Après la sortie du film en salles, il déclare dans une revue de presse une des raisons qui l'ont poussé à faire ce film:
«Je crois que nous sommes entourés de monstres comme ça. On n'a qu'a lire les journaux, c'est quelque chose d'effrayant. Je crois que nous sommes comme ça depuis vingt ans, nous sommes au temps des assassins. Nous sommes absolument entourés de monstres et je connais, moi, des jeunes filles qui sont exactement pareilles au personnage de Catherine, je crois avoir fait quelque chose de violent, mais tout à fait logique.»De plus il ajoutera que le rôle de Chatelin était écrit expressément pour Jean Gabin.

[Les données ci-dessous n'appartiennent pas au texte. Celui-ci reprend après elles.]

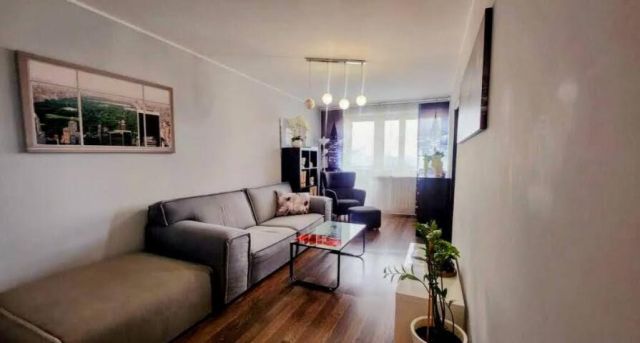 Mieszkanie 3-pokojowe Katowice Zawodzie, al. Walentego Roździeńskiego. Zdjęcie 1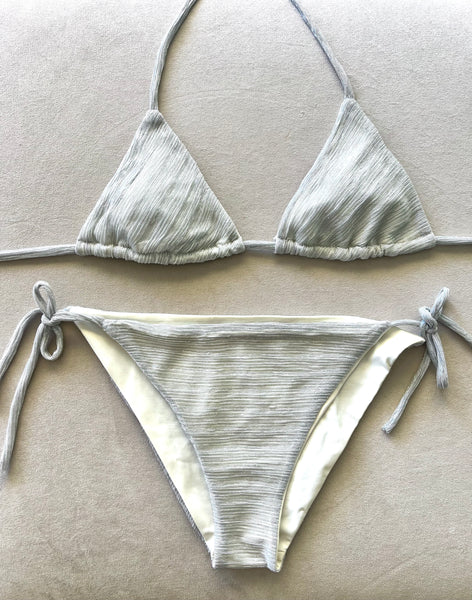 Bikini de cortina con tejido semitransparente rayado lurex plata y forrado blanco. Braguita a juego.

Ce brillant scénario est concocté par son ami journaliste Maurice Bessy, critique de cinéma, fondateur de la revue hebdomadaire Cinémonde en 1928. Dans un petit bulletin de mai 68 il parle de son ami Julien. Voici un court extrait de ses propos :
«Il ne croyait pas au style que beaucoup de réalisateurs s'attribuent en recommençant dix fois le même film.. Créer, pour lui, c'était tenter. C'était aussi se tromper, pour mieux réussir ensuite. C'était disposer d'un faisceau de lignes de force et les utiliser toutes … Il était on ne peut plus maladroit avec les journalistes, se bornant à déclarer qu'il n'avait rien à dire, qu'il était un compteur Conteur d'histoires et que les metteurs en scènes qui bourraient leurs ouvrages de considérations métaphysiques, esthétiques ou autres, le faisaient doucement rigoler …»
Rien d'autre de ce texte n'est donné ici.